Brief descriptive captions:
----------
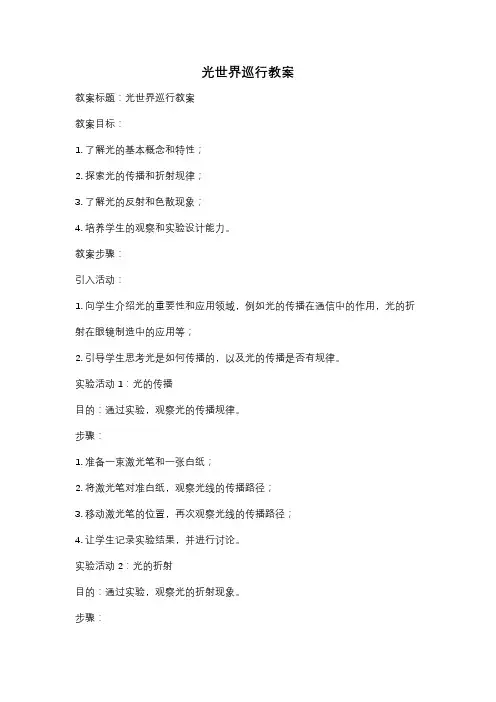光世界巡行教案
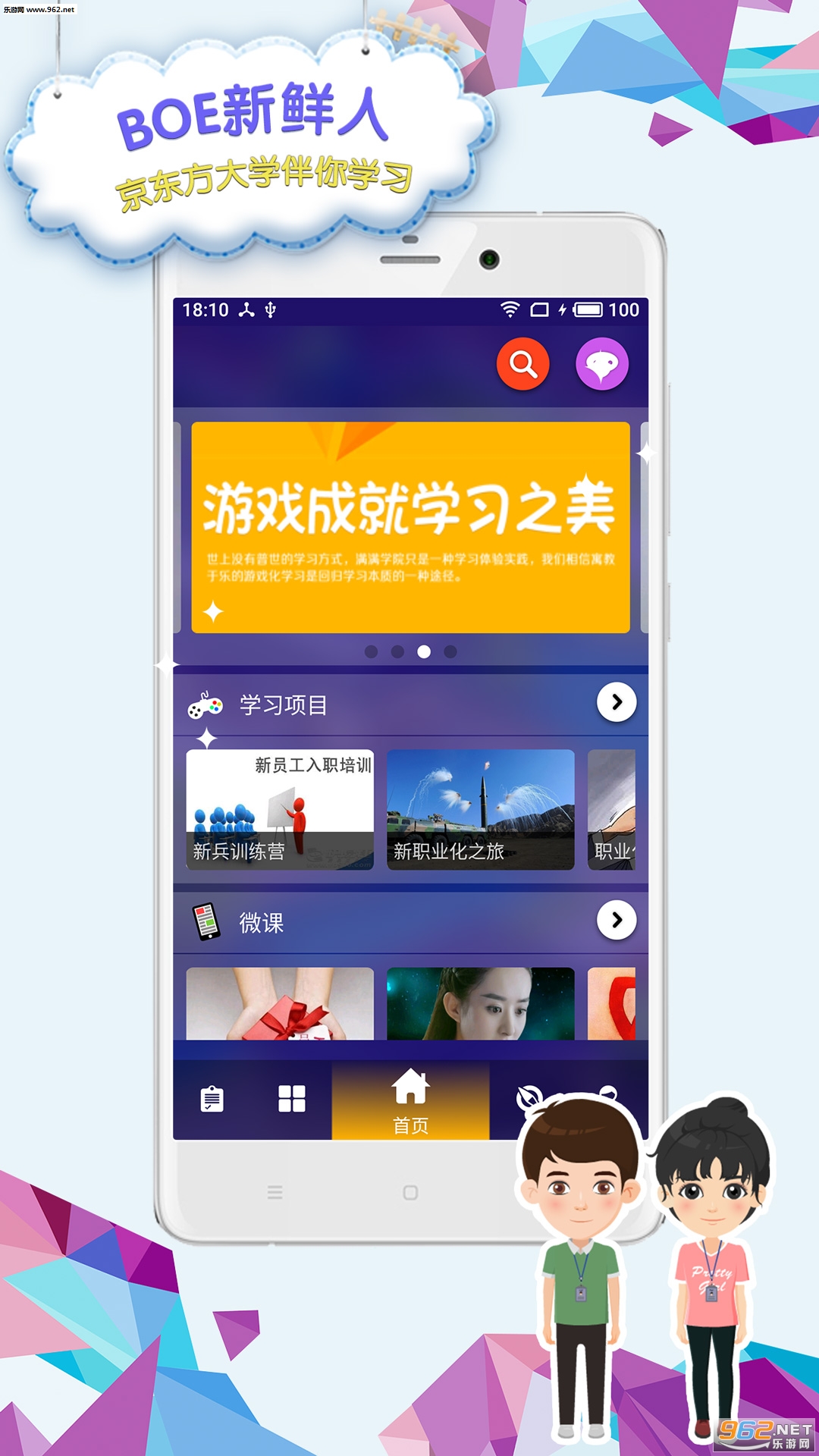 BOE�����˰�׿��v1.0.8��ͼ0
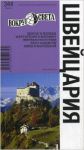 Книга Швейцария. Путеводитель
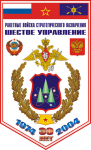 Вымпел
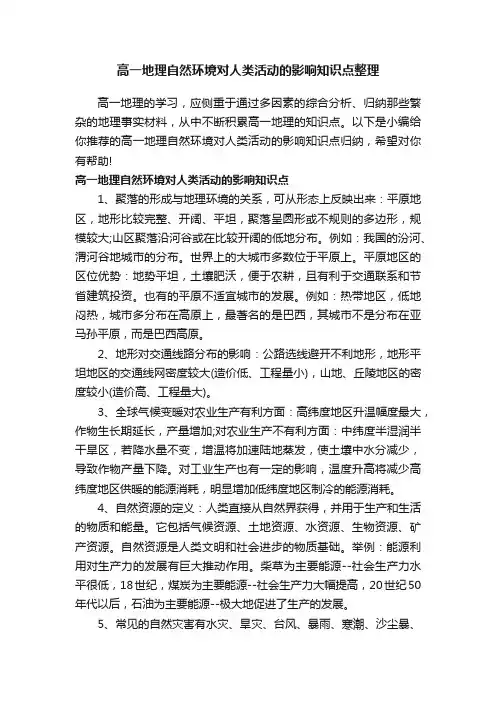 高一地理自然环境对人类活动的影响知识点整理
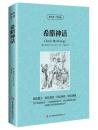 希腊神话【读名著，学英语】英汉互译 外国名著小说 双语阅读英文原版原著中英文对照初中生课外书古希腊神话故事全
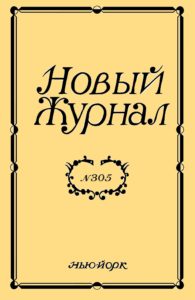 Новый Журнал 2021/305
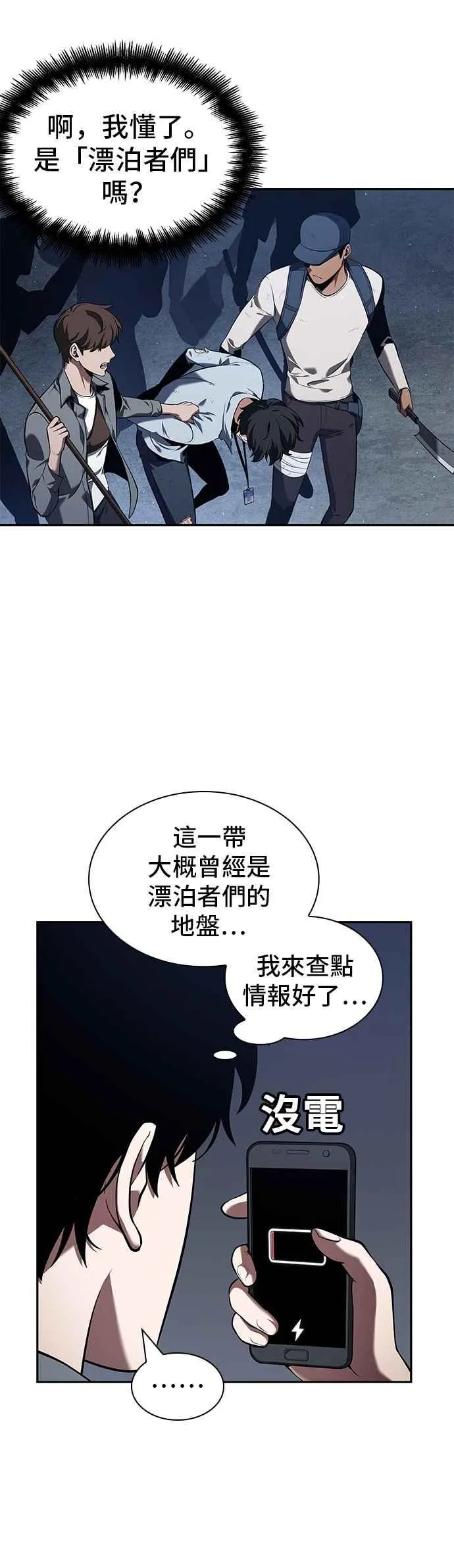 067. Ep.15 没有王的世界（3） 第32页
----------
• **TASK DETAILS**: What is needed is an exact repeat of every entry above, with the pictures left out.

• **ANSWER BELOW**:
光世界巡行教案
 BOE�����˰�׿��v1.0.8��ͼ0
 Книга Швейцария. Путеводитель
 Вымпел
 高一地理自然环境对人类活动的影响知识点整理
 希腊神话【读名著，学英语】英汉互译 外国名著小说 双语阅读英文原版原著中英文对照初中生课外书古希腊神话故事全
 Новый Журнал 2021/305
 067. Ep.15 没有王的世界（3） 第32页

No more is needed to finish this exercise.